La Société MULTISOL INTERNATIONAL SERVICES, SAS, dont le siège social est situé 1, chemin de la Mi Voie, BP 124 - 76 303 SOTTEVILLE LES ROUEN Cedex, France, et immatriculée au Registre du Commerce et des Sociétés de Rouen sous le numéro : B 448 039 529
Représentée par XX, agissant en sa qualité de Directeur Général et dûment mandaté et habilité aux fins des présentes,
Ci-après désignée l’ «Entreprise »
D’une part,
Et :
XX, membre titulaire du collège du n°1 « Ouvriers, employés » du CSE sous liste CGT, élu à 92% des suffrages exprimés
XX, membre titulaire du collège n°2 « Techniciens, agents de maîtrise, ingénieurs et cadres » du CSE, élu à l’unanimité des suffrages exprimés
Ci-après désignés « les membres du CSE »
D’autre part,
Ensemble désignés « les Parties »
PREAMBULE
Les Parties ont partagé les constats suivants : Depuis 2019, l’Entreprise impose chaque année une période de congés annuels sur la période estivale, les 2ème et 3ème semaines d’août afin que soient réalisés les travaux de maintenance, voiries, toitures et autres. Ceci avait été décidé dans le but d’éviter une affluence de personnes et d’engins sur le site et de sécurier davantage les interventions programmées (personnel des entreprises extérieures, personnel de l’Entreprise). Durant ces deux semaines, seules quelques personnes ne sont pas en congés sur l’ensemble de la période, pour les nécessités de services : le personnel de l’équipe maintenance, la responsable HSE, le superviseur fabrication et quelques salariés préalablement habilités par la Direction. Le 15 août, jour jusqu’alors férié chômé au sein de l’Entreprise, tombe parfois sur un jour ouvrable durant la fermeture estivale, ne permettant pas une continuité de 12 jours minimum de congés payés sur la période du 1er mai au 31 octobre et obligeant ainsi les salariés à poser a minima une journée de plus, accollée avant ou après la période de fermeture, afin que l’obligation des 12 jours soit respectée. En conséquence et pour permettre une gestion plus simple des congés sur cette période sans obliger les salariés à poser deux semaines + 1 jour, les Parties ont convenu ce qui suit :
Article 1 - Principe général
La période de prise de congés au sein de l’Entreprise est définie conformément au droit du travail en vigueur. Au jour de la signature du présent accord, celle-ci court du 1er juin au 31 mai de l’année suivante. De même la période estivale applicable est celle fixée par défaut dans le code du travail, soit du 1er mai au 31 octobre.

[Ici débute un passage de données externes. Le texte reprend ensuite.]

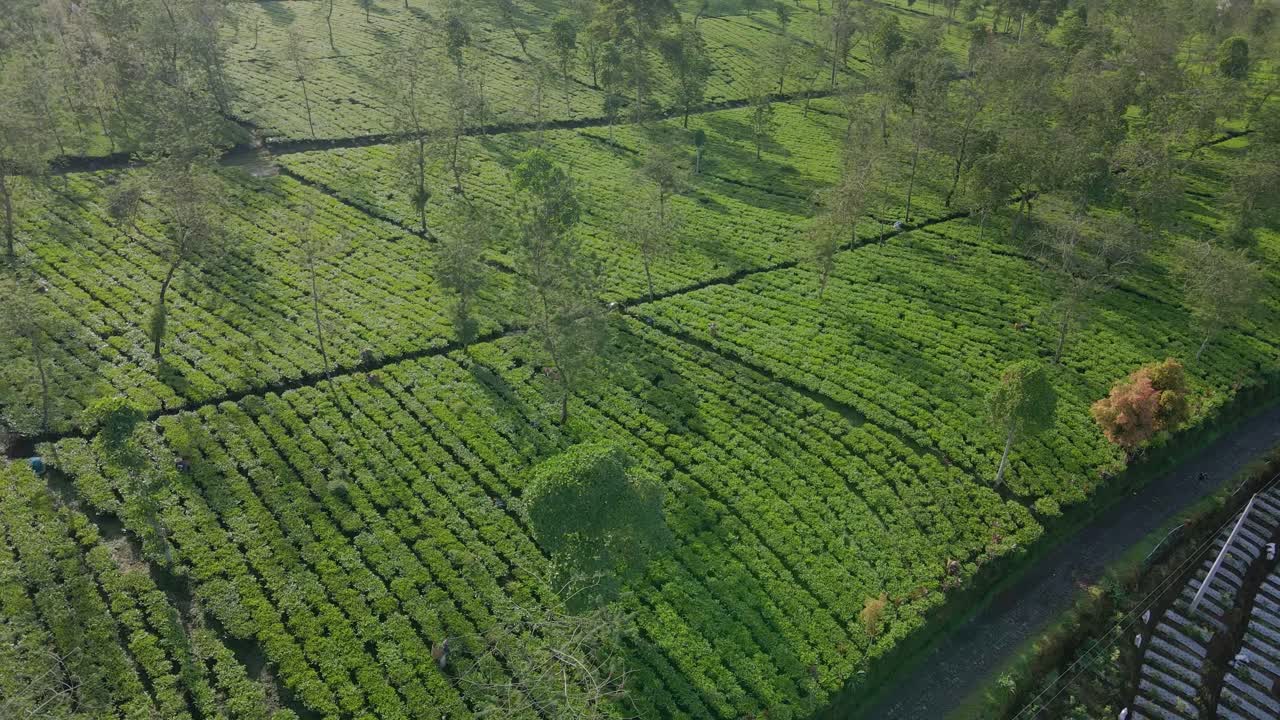 Orbit drone shot of green tea plantation with some farmers are harvesting tea leaves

Le congé principal est de 24 jours ouvrables maximum et une cinquième semaine doit être prise séparément. En cas de fractionnement et en application du droit du travail en vigueur, une période de 12 jours continus minimum doivent être pris sur la période estivale précitée.
L’Entreprise fermant les 2ème et 3ème semaines d’août, le 15 août, jours férié chômé dans l’Entreprise, ne permet pas de se contenter des deux semaines consécutives pour que la condition de fractionnement imposant 12 jours consécutifs soit remplie.
En application des articles L3133-1 et suivants du code du travail relatifs aux jours fériés, le présent accord a pour objet de déterminer les jours fériés chômés et les jours fériés travaillés dans l’Entreprise à compter de la signature du présent accord.
Article 2 - Le personnel concerné
Tous les salariés de l’entreprise sont concernés par le présent accord
Article 3 – Jours fériés en entreprise
Les jours fériés en France sont les suivants :
Jour de l'An
1er janvier
Lundi de Pâques
Lundi
Fête du Travail
1er mai
Victoire 1945
8 mai
Ascension
Jeudi
Fête nationale
14 juillet
Assomption
15 août
Toussaint
1er novembre
Armistice 1918
11 novembre
Noël
25 décembre
Les Parties décident par la signature du présent avenant que l’ensemble de ces jours en Entreprise seront des jours chômés à l’exception du 15 août. En conséquence, le 15 août sera dès 2023, un jour férié non chômé. Il conviendra de poser une journée de congés payés pour les salariés qui ne souhaitent pas travailler ce jour-là.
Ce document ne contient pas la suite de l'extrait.